Friday, June 23, 2006

Humanity Revisited

Long story short: I'm on an internship in Aceh, Indonesia. More on that later, i promise to post my rantings about my arrival and the first few days soon. Now, i just want to get out what I feel while it's still warm...
I just got home from a 'field trip' which involved travelling to villages, talking to the villagers about the new project we are implementing with the government, blablabla.
As expected, in most villages, the immense majority of the villagers attending the meeting (5o on average) was masculine. In one meeting, we had 1 woman. (and our team leader, Ella, who is an indonesian lady as well). Funnily, Ella was doing most of the talking, first because Cliff and I had a language handicap (Cliff speaks average Indonesian, and I, well.. don't) but also because she outbrains us both. Anyways.
The last village, however, was different: the audience was almost exclusively feminine. Wow, I thought, if they didn't have both breasts I would have thought I landed in an Amazones camp (review your greek mythology if you're missing my joke. I know what you're thinking: 'geek'. Yep.)
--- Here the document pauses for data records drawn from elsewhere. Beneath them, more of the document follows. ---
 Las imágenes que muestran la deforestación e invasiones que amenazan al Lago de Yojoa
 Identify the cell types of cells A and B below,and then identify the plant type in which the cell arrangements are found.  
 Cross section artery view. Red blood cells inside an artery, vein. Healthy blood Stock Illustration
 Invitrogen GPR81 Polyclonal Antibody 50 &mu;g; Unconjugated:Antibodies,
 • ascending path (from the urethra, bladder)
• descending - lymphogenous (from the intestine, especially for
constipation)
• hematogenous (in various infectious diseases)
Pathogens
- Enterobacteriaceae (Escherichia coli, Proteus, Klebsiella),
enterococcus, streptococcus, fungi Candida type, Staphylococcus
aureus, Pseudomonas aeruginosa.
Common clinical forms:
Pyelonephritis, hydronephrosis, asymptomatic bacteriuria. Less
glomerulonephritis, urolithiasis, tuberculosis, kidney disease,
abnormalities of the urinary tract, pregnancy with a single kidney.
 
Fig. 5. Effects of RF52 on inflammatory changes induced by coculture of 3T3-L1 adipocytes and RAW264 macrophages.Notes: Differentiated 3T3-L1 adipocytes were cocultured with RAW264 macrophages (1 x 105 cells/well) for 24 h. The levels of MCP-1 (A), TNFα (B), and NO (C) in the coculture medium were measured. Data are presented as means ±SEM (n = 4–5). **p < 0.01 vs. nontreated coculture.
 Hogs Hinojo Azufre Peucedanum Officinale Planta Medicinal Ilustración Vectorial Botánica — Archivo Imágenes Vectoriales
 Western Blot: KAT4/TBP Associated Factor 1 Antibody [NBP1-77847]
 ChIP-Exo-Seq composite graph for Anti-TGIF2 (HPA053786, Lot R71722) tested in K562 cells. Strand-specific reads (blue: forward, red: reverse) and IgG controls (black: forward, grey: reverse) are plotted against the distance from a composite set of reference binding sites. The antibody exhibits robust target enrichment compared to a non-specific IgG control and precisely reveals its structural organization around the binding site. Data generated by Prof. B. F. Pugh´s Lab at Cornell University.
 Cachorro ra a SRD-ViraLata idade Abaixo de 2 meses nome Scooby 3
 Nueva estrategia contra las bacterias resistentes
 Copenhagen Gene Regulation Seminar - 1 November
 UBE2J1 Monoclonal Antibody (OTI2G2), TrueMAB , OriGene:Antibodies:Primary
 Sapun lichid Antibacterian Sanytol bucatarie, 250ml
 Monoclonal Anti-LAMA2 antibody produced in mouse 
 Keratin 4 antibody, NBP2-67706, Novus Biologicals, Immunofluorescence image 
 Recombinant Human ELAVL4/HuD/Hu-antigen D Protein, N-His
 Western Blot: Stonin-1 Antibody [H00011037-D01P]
Turned that there were so few men present in the meeting because... most men in the village were killed during the war that ravaged Aceh during the last 3 months. Bam. Reading statistics is something - hearing the women tell you that they have land but they have to go hungry because there is no one to work the land is insane. "If I have lunch, then I won't have dinner", said one lady, 70 years old +.

I asked Ella about who was doing the killings, the Indonesian government or the GAM (the separatist movement which was the other party to the war). And she told me that the army (the government, therefore) was pretty cruel to people.. take this example: the army forced people to denounce their own children when they got home. The army would then go in and kill the son.
Now how the army pulled that? Well, by threatening the people that if they didnt denounce their children, they (the army) would kill their grandchildren.
Talk about a dilemma. If you had the choice, who would you have killed, your son or his own children?
You know that they're going to get him anyway. And you know that they would actually kill your grandchildren.
And you know that if your son was given the choice, this is what he'd choose too.
And those motherfuckers of the army knew it, too.

Now the way they carried the execution was pretty innovative, too. They may have outsmarted the israeli army in cruelty (though i'm not sure).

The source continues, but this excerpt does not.